Gathering Starter Files:
The first step is to gather all the appropriate files for this assignment. Connect to pi-cluster via ssh.
$ ssh cs30xyz@pi-cluster.ucsd.edu
Create and enter the pa2 working directory.
$ mkdir ~/pa2
$ cd ~/pa2
Copy the starter files from the public directory.
$ cp ~/../public/pa2StarterFiles/* ~/pa2/
Copy your isInBounds files from your pa1 directory.
$ cp ~/pa1/isInBounds.s ~/pa2/
$ cp ~/pa1/testisInBounds.c ~/pa2/
Preparing Git Repository:
You are required to use Git with this and all future programming assignments. Refer to the PA0 writeup for how to set up your local git repository.
The usage for the PA2 cipher program:
Usage: ./pa2 passphrase key0 key1 rotateValue
passphrase (must have length within the range [4, 8])

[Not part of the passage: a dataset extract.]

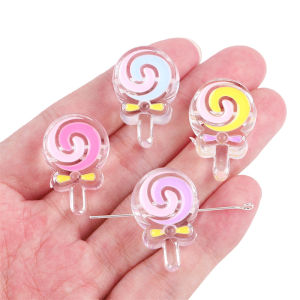 4pcs/Bag Mixed Candy Color Enamel Plastic Acrylic Smile Beads Heart Star Fruit Flower Beads Charm For Bracelet Keychain Hairtie DIY Jewerlry Craft Making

key0 (must be numeric; decimal, octal, or hexadecimal) key1 (must be numeric; decimal, octal, or hexadecimal) rotateValue (must be a decimal value within the range [+0, +63])
The passphrase is a string whose bytes will be XORed with the bytes of integers key0 and key1. This generates an 8-byte/64-bit mask which will generate a pad used to encrypt a message. We generate the pad by rotating the mask by rotateValue bits for every 8 bytes of the input message. The message is read from stdin (user keyboard input or redirected file).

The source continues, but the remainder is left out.